### ABOUT THIS EXERCISE:
Take the entries below and print, exactly, the stretch from the line containing "Milo Print Jersey Polo With Pocket" through the line containing "University of Texas", both included.

### SUPPLIED MATERIAL:
^^^^^^^^

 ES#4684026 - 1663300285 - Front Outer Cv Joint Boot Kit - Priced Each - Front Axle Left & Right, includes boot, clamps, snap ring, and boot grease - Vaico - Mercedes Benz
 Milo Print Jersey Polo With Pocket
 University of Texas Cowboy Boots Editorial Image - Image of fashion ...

^^^^^^^^

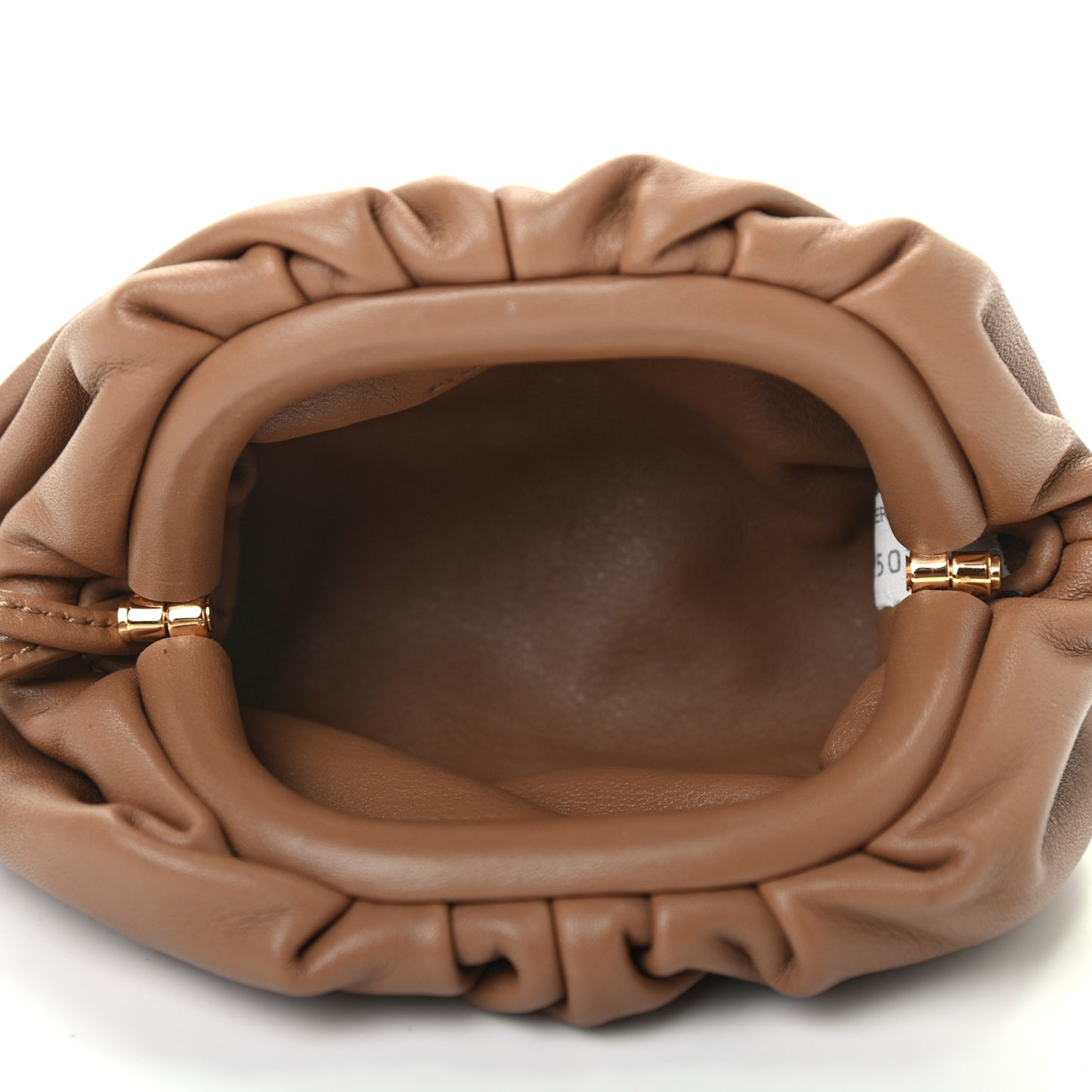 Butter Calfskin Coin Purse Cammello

^^^^^^^^

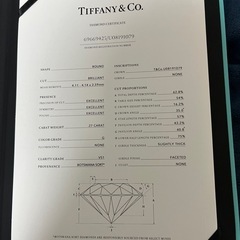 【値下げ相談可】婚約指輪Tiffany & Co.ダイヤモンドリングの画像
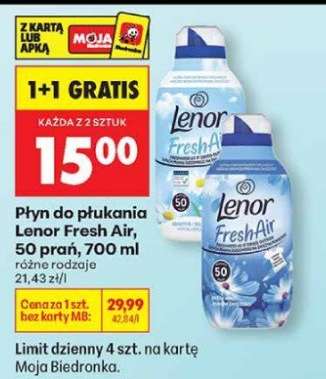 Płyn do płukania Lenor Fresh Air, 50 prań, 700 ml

^^^^^^^^

### WRITTEN RESPONSE:
 Milo Print Jersey Polo With Pocket
 University of Texas Cowboy Boots Editorial Image - Image of fashion ...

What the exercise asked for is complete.